Balewa insists that millions, perhaps billions of people: “Are still trapped in a futile struggle to free themselves” of the ‘residual agonies’ of slave trade. The novel is written with touches of mastery of the communicative arts, and underpinned by the younger Balewa’s experiences as an intentional traveller and social psychologist. And if you think the story of slave trade has been sufficiently documented and is possibly hackneyed, Onyeama rationalises Balewa’s perspective because, plausibly, none of the curations of that tragedy has come in the manner Balewa creatively did. The novel is special because, among other things, the fate of Didier, the French slavemaster, speaks to Karma and paradoxes. Didier, having gotten kidnapped and enslaved in a village he had launched a siege on to kidnap people for sale, tells of retributive justice.
Onyeama, was born in Enugu in 1951. His father, Charles Dadi Umeha Onyeama, was a judge of the Supreme Court of Nigeria and at the International Court of Justice. Dillibe was the first black to have completed study at Eton College in the United Kingdom. He secured admission into the College after the son of Samuel Ladoke Akintola, former premier of the Western Region, but the younger Akintola died before he could commence his studies.
I have been told several times that people are usually registered to study at Eton on the day they are born, or certainly long before they are due to commence actual study in the institution. It is a prestigious school, which clearly has a tradition of discrimination. Onyeama wrote about his traumatic experience in the school, published in 1972 as the book, Nigger at Eton, which however was re-published under a new title, A Black Boy at Eton by Penguin in 2022.
Michael McCrum, a former Headmaster of the School had banned Onyeama from entering the school because he exposed the infamy that he encountered in Eton. Onyeama later studied journalism at Premier School of Journalism, thereafter returning to Nigeria in 1981 to start his book publishing business.
In 2020, the current Principal of Eton College, Simon Henderson, offered Dillibe Onyeama an apology for his agony while at Eton, which Onyeama accepted, and he actually planned to return to Eton to take the apology, provided his travel expenses are paid by the College. I am not sure if he was able to do that. On 11 November, he suffered “a fatal heart attack” and transited to eternity. Yet, he lives on for his principles and in the heart of people like me, who know what he represented in the annals of Nigeria and the Blessed (not Black) civilisation.
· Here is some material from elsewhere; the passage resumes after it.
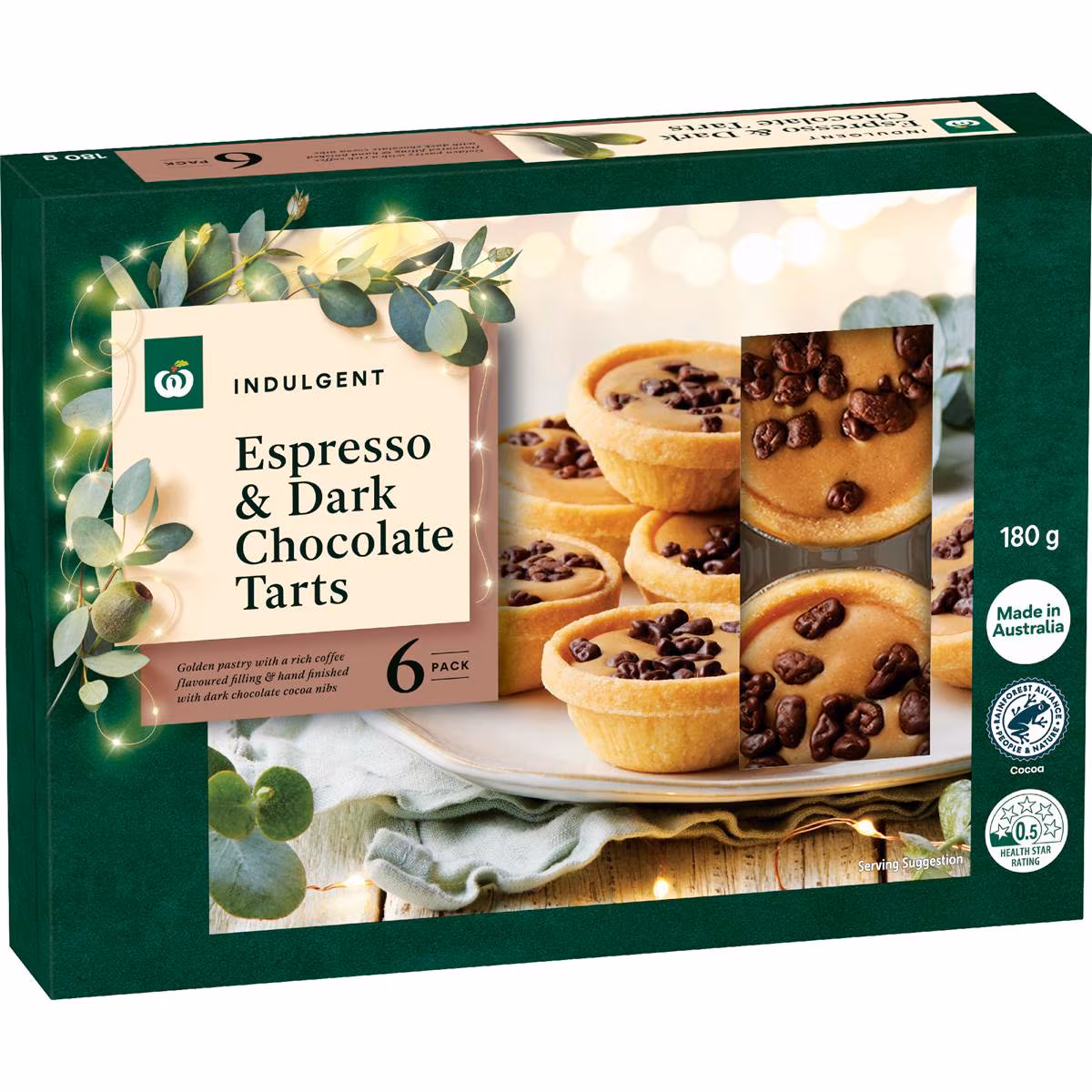Woolworths Espresso & Dark Chocolate Tarts 6 pack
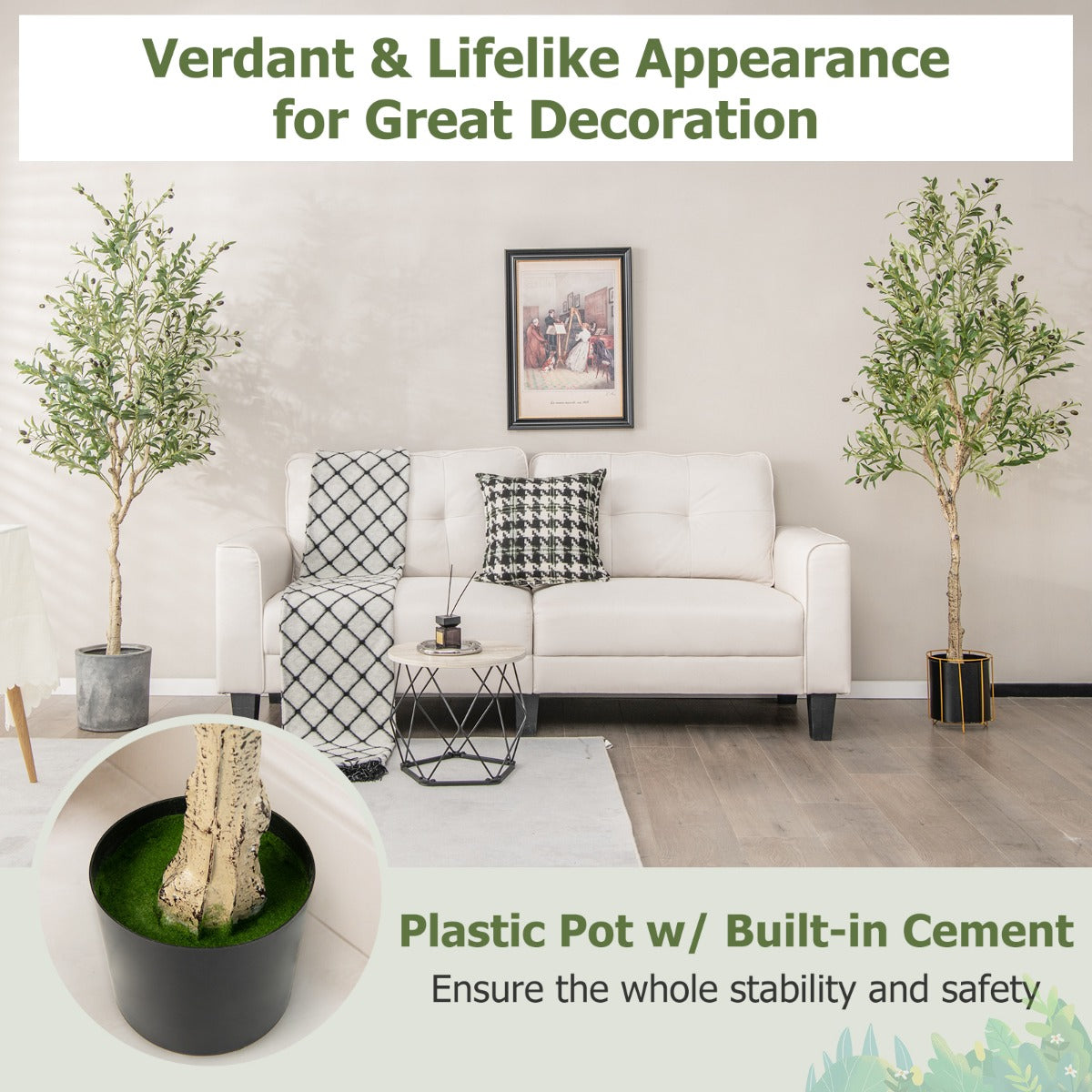 Costway 2-Pack Artificial Olive Tree with 1296 Leaves for Office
Onyeama was a rare humanist, writer, author, journalist and publisher. He also loved natural habitats in a special way and so, he was a silent environmentalist who loved to showcase nature and its wonders. Charles Dillibe Ejiofor Onyeama, good night sir, but this leaves a big scar.
My condolences to your beloved wife and the awesome children. May God rest your beautiful soul.
- Omoniyi Ibietan is the Head of Media Relations Management at the Nigerian Communications Commission (NCC).